I wasn't feeling angry. Go figure. My husband even asked me what my plans were and I told him. We had a bit of a laugh together at how silly this seemed since I was actually feeling kind of light-hearted and un-angry. But I did the exercise anyway. I also took pictures.
An empty red container (to minimize the mess) with a rock. This symbolizes rock bottom and the heavy rock I feel in the pit of my stomach.
The rim of this plate symbolizes the lies that just went around and around, seemingly never-ending...which left me feeling like my life and mind was constantly going in circles.
Oh the contradiction and symbolism of this next one! Life can be sweet, but when he chooses to indulge in his addiction...well...
IT'S NUTS!
He chose (chooses?) his indulgences and desires over our family and marriage so many times. And we have been damaged by it. But even when the shell of our life gets cracked, if we get down to the nut (root), that is the good part anyway. (This cup took six throws to actually smash the "indulge" part...how many attempts will it take for my husband to smash his addiction?)
And next comes the forbidden fruit and the thorns of addiction. What could be so sweet and delicious brings sorrow and pain. It looks so appealing but if you are not careful, it will tangle you in its thorns.

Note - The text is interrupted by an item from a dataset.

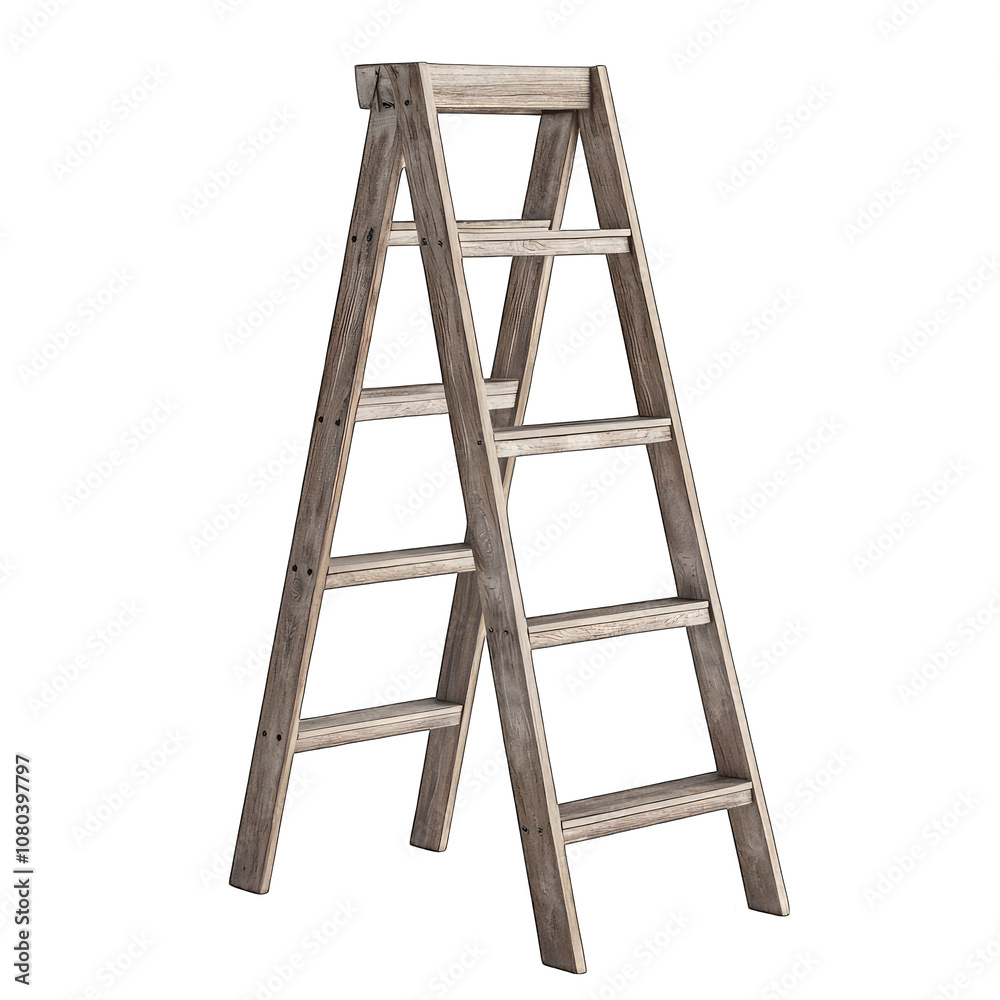 Wooden ladder, white background, cutout PNG 3d rendering Wooden ladder, white background, cutout PNG 3d rendering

Who hasn't reached for that big berry deep in the bushes that you just KNOW how good it will taste, and end up getting scratched and tangled and bleeding trying to get there (or get out)? Also, a reminder that we must know the bitter to be able to understand and appreciate the sweet.
This next one symbolizes how empty and alone I have felt. How I have been abandoned by him in some of my darkest times, to face death and sorrow alone because he was not capable of extending support and empathy.
But it also symbolizes the ability to become clean - him and me. We can heal. I can heal. My heart can become clean and pure, letting go of this darkness and anger that resides there.
The shattered pieces. Even my rock broke.
And then I burned...
So although this didn't release the anger that I was thinking it would (doing this while already angry would have been much more effective!), it did help me release some and I learned. I yelled, I cried a bit, and I listened. Things don't always go as planned, and I still had a mess to clean up afterwards. But I am ok. That is what I have learned...I will be ok. I have the ability to clean up messes. I cannot prevent them from happening, and I cannot control when they happen or how big they are. But I have the ability to clean up, find something to smile about (my kids all had a blast baking cookies and were well behaved and happy while I smashed and burned), move forward with my life, and then I can share my experiences with others...finding support, understanding, and possibly even sharing laughs about how smashing dishes doesn't even go as planned sometimes!
And at least I didn't set anything else on fire! ;o) Now to eat some of my kids cookies!
Can others see these pictures? When I am logged in I can see them, but when I am not logged in they aren't working for me. Not sure what is happening.